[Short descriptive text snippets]
##########

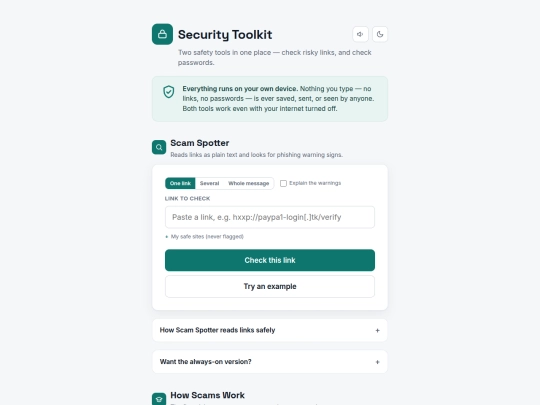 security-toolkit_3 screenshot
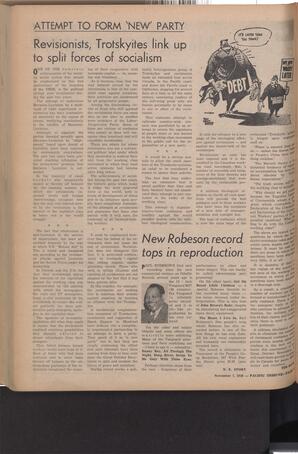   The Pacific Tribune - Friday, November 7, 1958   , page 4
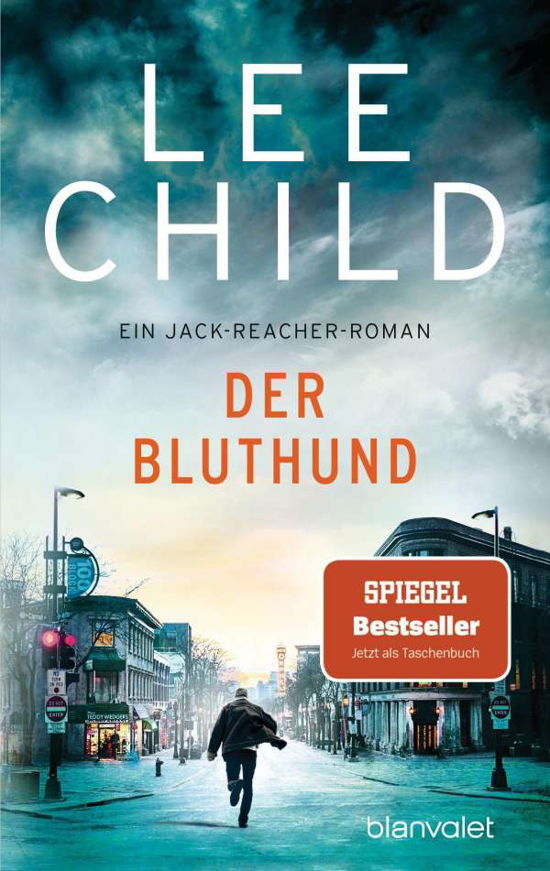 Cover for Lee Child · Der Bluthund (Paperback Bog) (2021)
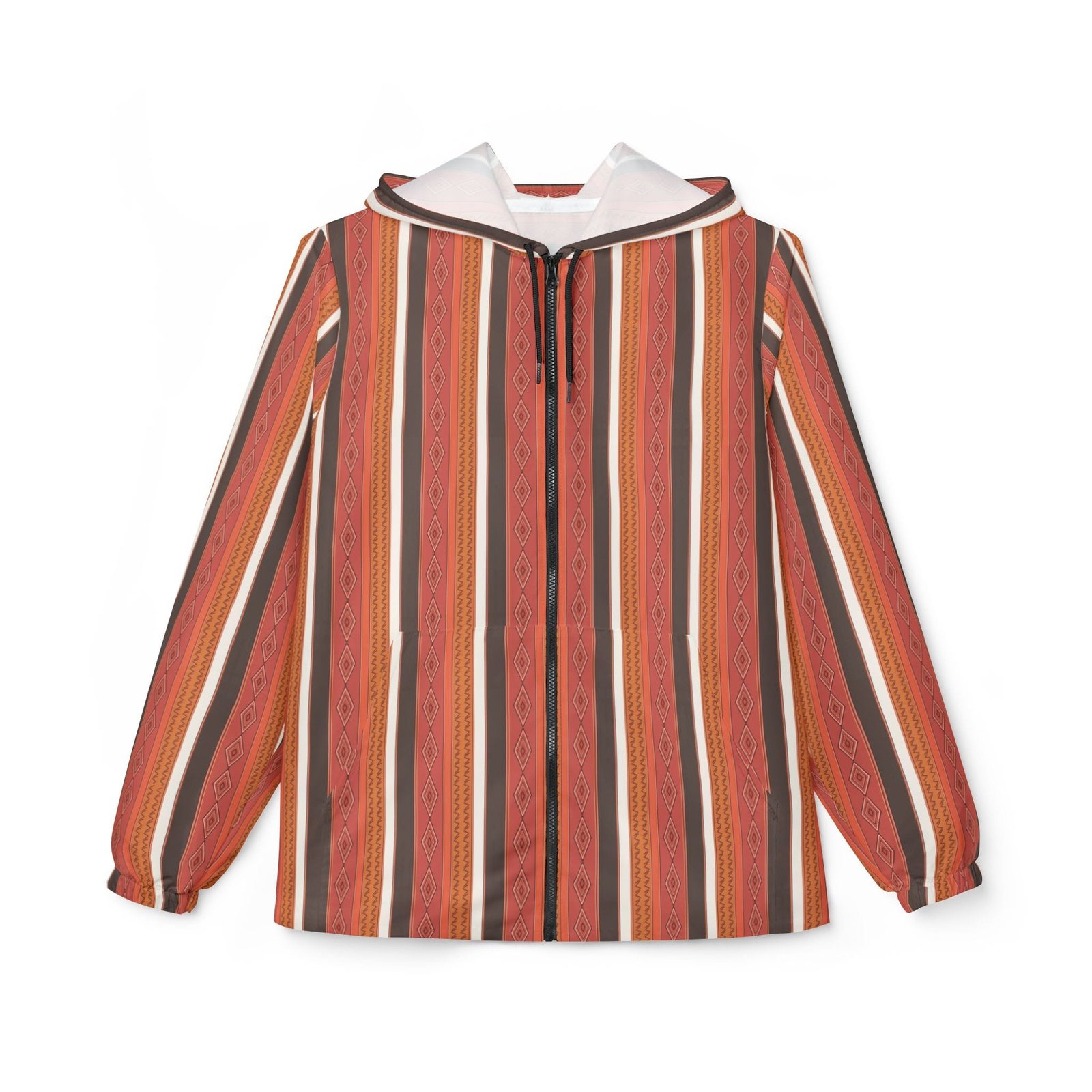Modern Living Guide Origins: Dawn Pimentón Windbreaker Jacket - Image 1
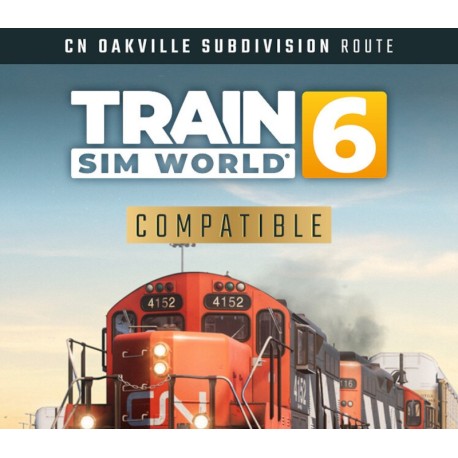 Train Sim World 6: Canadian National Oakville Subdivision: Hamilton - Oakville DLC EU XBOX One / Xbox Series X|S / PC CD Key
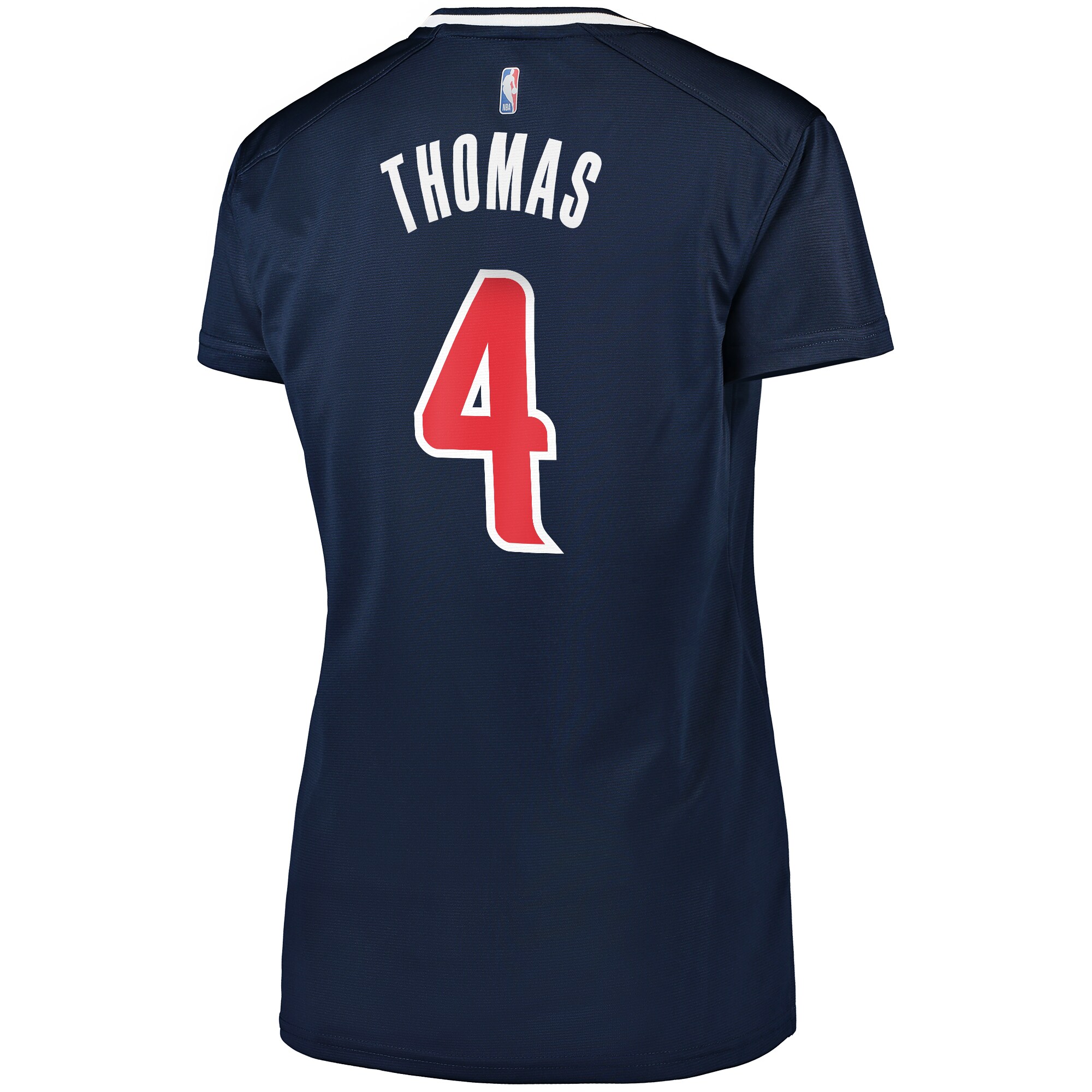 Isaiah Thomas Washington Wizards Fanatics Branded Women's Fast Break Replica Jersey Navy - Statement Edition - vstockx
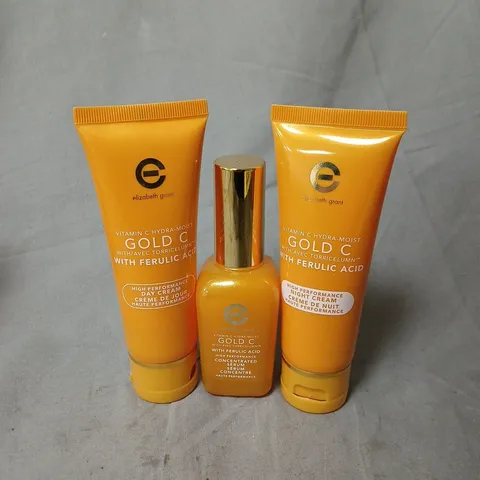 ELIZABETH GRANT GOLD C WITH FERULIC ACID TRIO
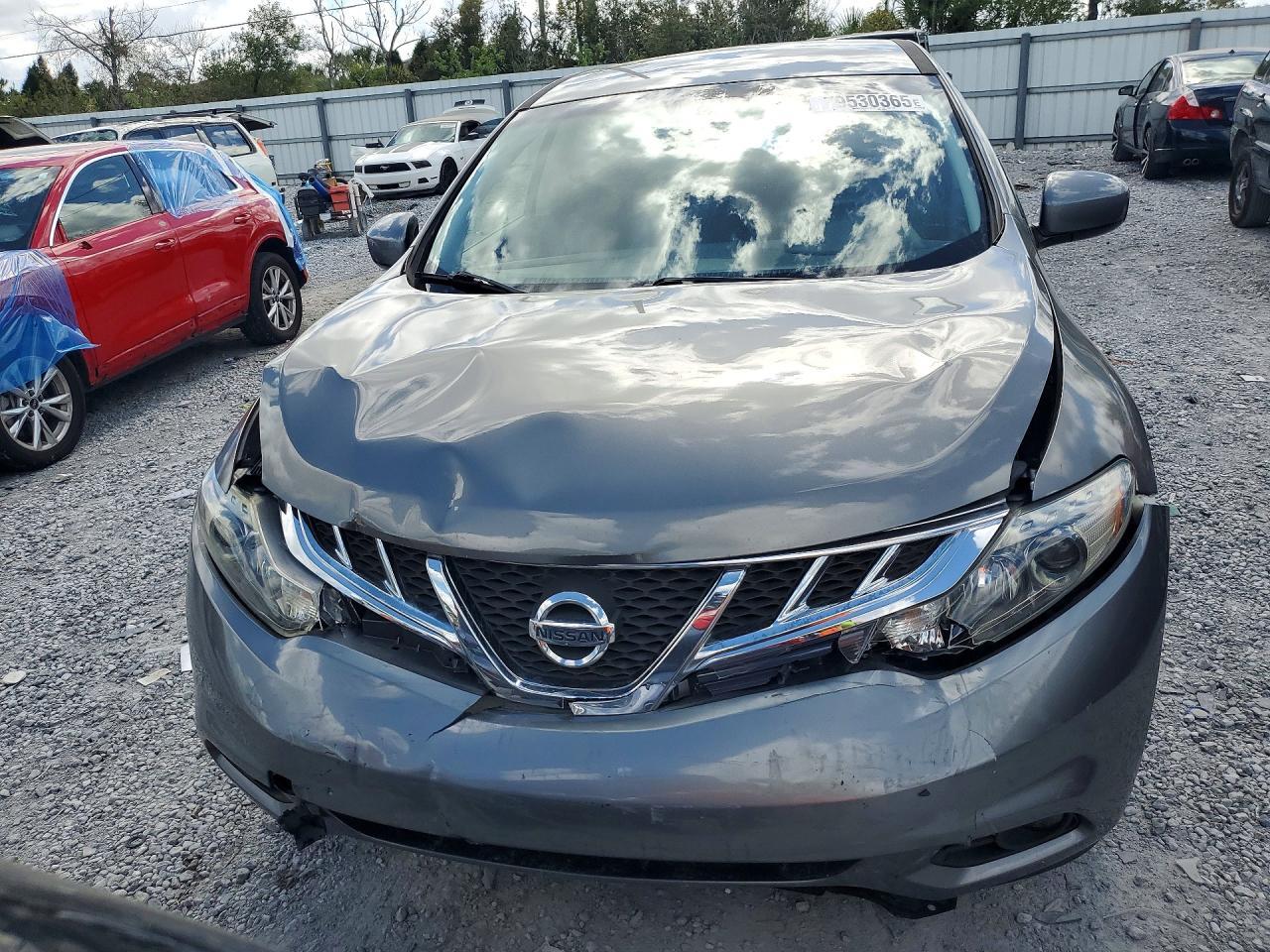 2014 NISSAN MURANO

##########

- Task objective -
Leaving out every picture, repeat exactly the lines of the records from the start through the line that has "Isaiah Thomas Washington".

- Exercise response -
 security-toolkit_3 screenshot
   The Pacific Tribune - Friday, November 7, 1958   , page 4
 Cover for Lee Child · Der Bluthund (Paperback Bog) (2021)
Modern Living Guide Origins: Dawn Pimentón Windbreaker Jacket - Image 1
 Train Sim World 6: Canadian National Oakville Subdivision: Hamilton - Oakville DLC EU XBOX One / Xbox Series X|S / PC CD Key
 Isaiah Thomas Washington Wizards Fanatics Branded Women's Fast Break Replica Jersey Navy - Statement Edition - vstockx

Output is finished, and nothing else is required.